**The process outlined by Ratzinger was a long one but when all the suffering is past, a great power will emerge from a more spiritual and simple Church, at which point humans will realise that they live in a world of indescribable solitude and having lost sight of God they will perceive the horror of their poverty.
Then and only then, Ratzinger concluded, will they see that small flock of faithful as something completely new: they will see it as a source of hope for themselves, the answer they had always secretly been searching for.**
Ping!
Ratzingers books ‘The Faith and the Future’
This is a so so book, one that saw reprint recently because of Benedicts successful ‘Jesus of Nazareth’ series, as what it contains could have been properly digested down to a magazine length article with a near equivalent buildup and conclusion, at least for the general reader. The conclusion or last chapter ‘What Will the Church Look Like in 2000?’ elucidates of a smaller church and saints being necessary.

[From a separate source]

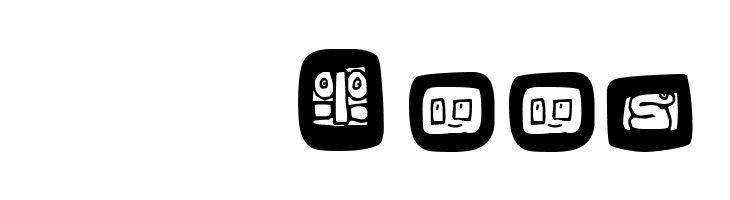 HiddenSigns  Скачать бесплатные шрифты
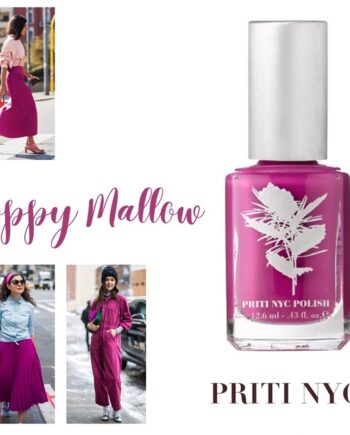 Priti Nyc   N 261   Poppy Mallow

But philosophies(modernism,liberalism) have consequences and the great and conservative Catholic philosophers(Ratzinger/Benedict included) have been seeing the path that ‘modernism’ has been following as the final fulfillment of ‘The Great Enlightenment’ and there will be Catholic blood in the streets—again! Unfortunately, this book only elucidates on that previous sentence(my sentence/words) in only a poor or maybe fair(poor to fair) way with other materials in print, from that time and most certainly today, doing a much better job.
If Ratzinger was being prophetic in 69’, then everyone seeing the church fall apart in the 60’s and 70’s would be prophetic too. The books last chapter , titled:
‘What Will the Church Look Like in 2000?’ is a bit off the prophetic year mark.

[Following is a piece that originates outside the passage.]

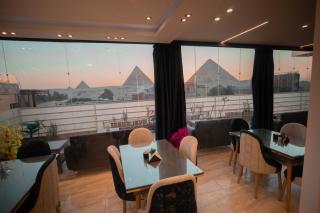 Horus Guest House Pyramids View - Cairo - 4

The book contains a few quotable nuggets and he’s the Pope, and thats why people buzz and talk about it.
OMG!!! OMG!!! Add to it what Francis Cardinal George said about his successor will be imprisoned and that the next successor will be MARTYRED!!!
Whoa! Interesting....
This seems less a prophecy than a comforting, reassuring rationalization that offers the hope of a purer and better faith as consolation for the decline of the cultural strength of Roman Catholic Church and Christianity in general. Yet, in the meanwhile, multitudes will have been led astray, and there is no certainty that decline will be followed by renewal and a return to former strength.
Very interesting. I had come across that 1969 quotation a while back, and I found it to be a remarkable prognostication in light of the road the Ratzinger himself ended up traveling over the next 40+ years.